**WHAT YOU SHOULD DO:** Please copy out the entries until you have copied the line that contains "Amigurumi Flower Duck Free Pattern 4", beginning with the first line.
*** Opening of SOURCE DATA ***
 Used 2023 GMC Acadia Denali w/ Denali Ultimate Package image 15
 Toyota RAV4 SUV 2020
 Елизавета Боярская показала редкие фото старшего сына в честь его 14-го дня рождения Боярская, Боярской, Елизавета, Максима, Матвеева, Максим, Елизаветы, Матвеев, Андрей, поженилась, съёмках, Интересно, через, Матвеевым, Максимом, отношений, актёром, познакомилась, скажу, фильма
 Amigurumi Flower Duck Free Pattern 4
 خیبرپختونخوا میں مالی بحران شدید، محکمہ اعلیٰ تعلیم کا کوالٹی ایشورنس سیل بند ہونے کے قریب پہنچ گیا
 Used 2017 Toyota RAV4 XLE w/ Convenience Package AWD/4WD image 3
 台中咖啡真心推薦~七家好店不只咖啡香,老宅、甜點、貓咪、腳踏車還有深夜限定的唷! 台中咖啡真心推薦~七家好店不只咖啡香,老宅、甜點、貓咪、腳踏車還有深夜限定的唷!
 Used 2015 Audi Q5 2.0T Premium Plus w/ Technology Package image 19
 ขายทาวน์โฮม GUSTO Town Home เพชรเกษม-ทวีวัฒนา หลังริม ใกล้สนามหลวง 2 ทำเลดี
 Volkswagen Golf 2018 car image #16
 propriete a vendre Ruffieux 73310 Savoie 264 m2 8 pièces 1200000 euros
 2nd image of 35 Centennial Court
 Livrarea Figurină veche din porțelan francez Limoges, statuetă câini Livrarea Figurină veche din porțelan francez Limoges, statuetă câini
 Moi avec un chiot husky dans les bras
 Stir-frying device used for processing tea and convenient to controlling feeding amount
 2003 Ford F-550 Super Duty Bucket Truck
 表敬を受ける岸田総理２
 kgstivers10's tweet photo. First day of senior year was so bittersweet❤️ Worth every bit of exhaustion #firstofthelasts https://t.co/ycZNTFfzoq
*** Close of SOURCE DATA ***
**ANSWER SPACE:**
 Used 2023 GMC Acadia Denali w/ Denali Ultimate Package image 15
 Toyota RAV4 SUV 2020
 Елизавета Боярская показала редкие фото старшего сына в честь его 14-го дня рождения Боярская, Боярской, Елизавета, Максима, Матвеева, Максим, Елизаветы, Матвеев, Андрей, поженилась, съёмках, Интересно, через, Матвеевым, Максимом, отношений, актёром, познакомилась, скажу, фильма
 Amigurumi Flower Duck Free Pattern 4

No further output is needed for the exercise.